(DATA FOR THIS EXERCISE begins)
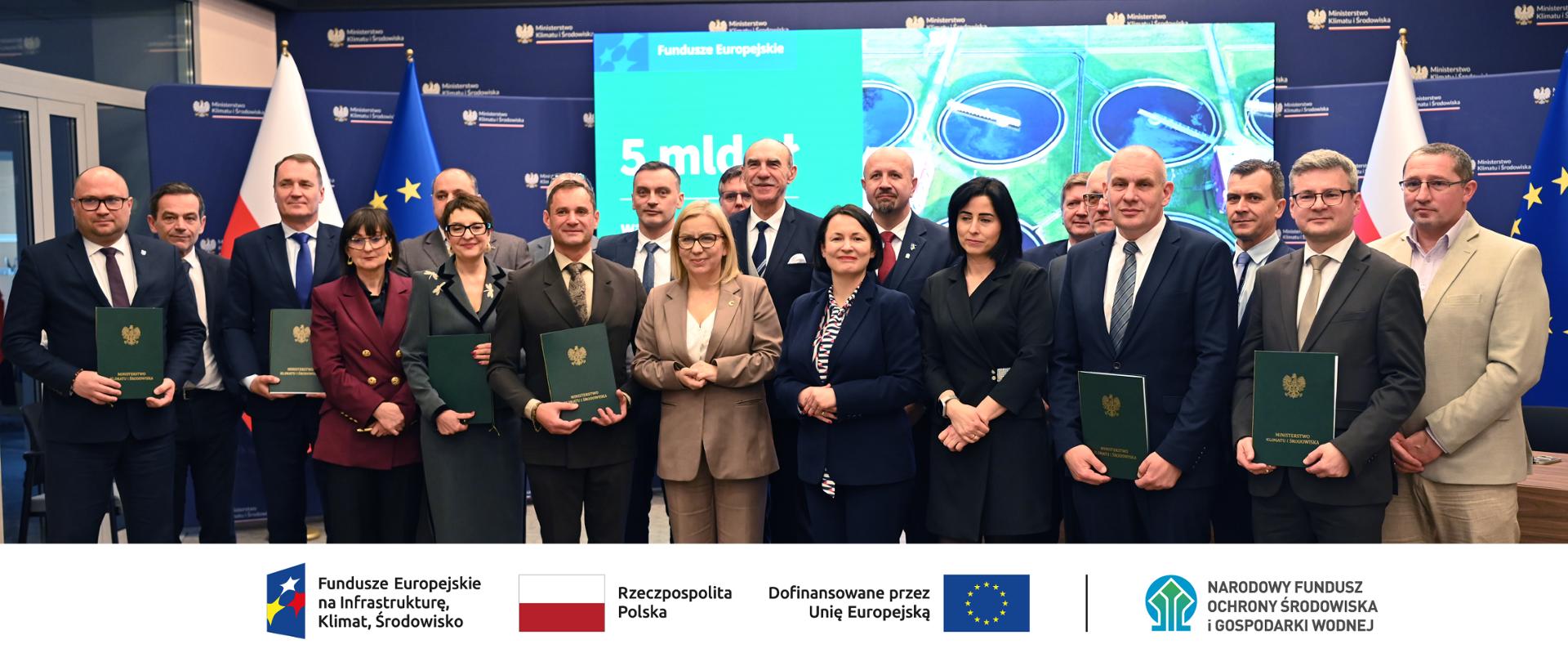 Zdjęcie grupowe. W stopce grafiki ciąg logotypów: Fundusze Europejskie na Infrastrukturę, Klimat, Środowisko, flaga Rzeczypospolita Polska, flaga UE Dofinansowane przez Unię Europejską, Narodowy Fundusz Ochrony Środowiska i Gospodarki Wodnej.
(DATA FOR THIS EXERCISE ends)
(DATA FOR THIS EXERCISE begins)
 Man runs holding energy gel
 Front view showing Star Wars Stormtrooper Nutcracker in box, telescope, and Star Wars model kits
(DATA FOR THIS EXERCISE ends)
(DATA FOR THIS EXERCISE begins)
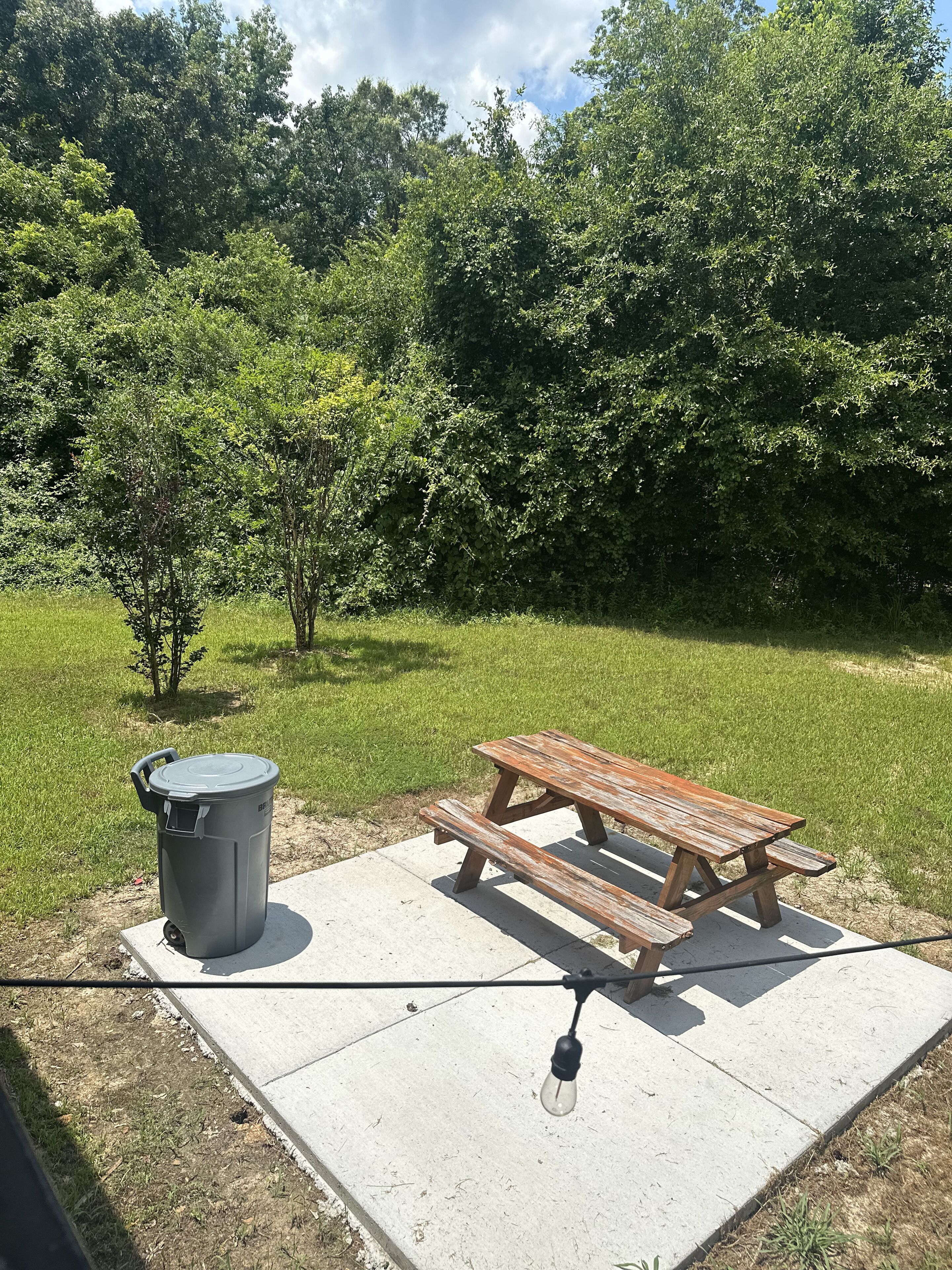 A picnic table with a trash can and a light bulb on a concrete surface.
(DATA FOR THIS EXERCISE ends)
Write out exactly the lines above from the line with "Man runs holding energy gel" through the line with "Front view showing", both of them included, and leave out all other lines.

 Man runs holding energy gel
 Front view showing Star Wars Stormtrooper Nutcracker in box, telescope, and Star Wars model kits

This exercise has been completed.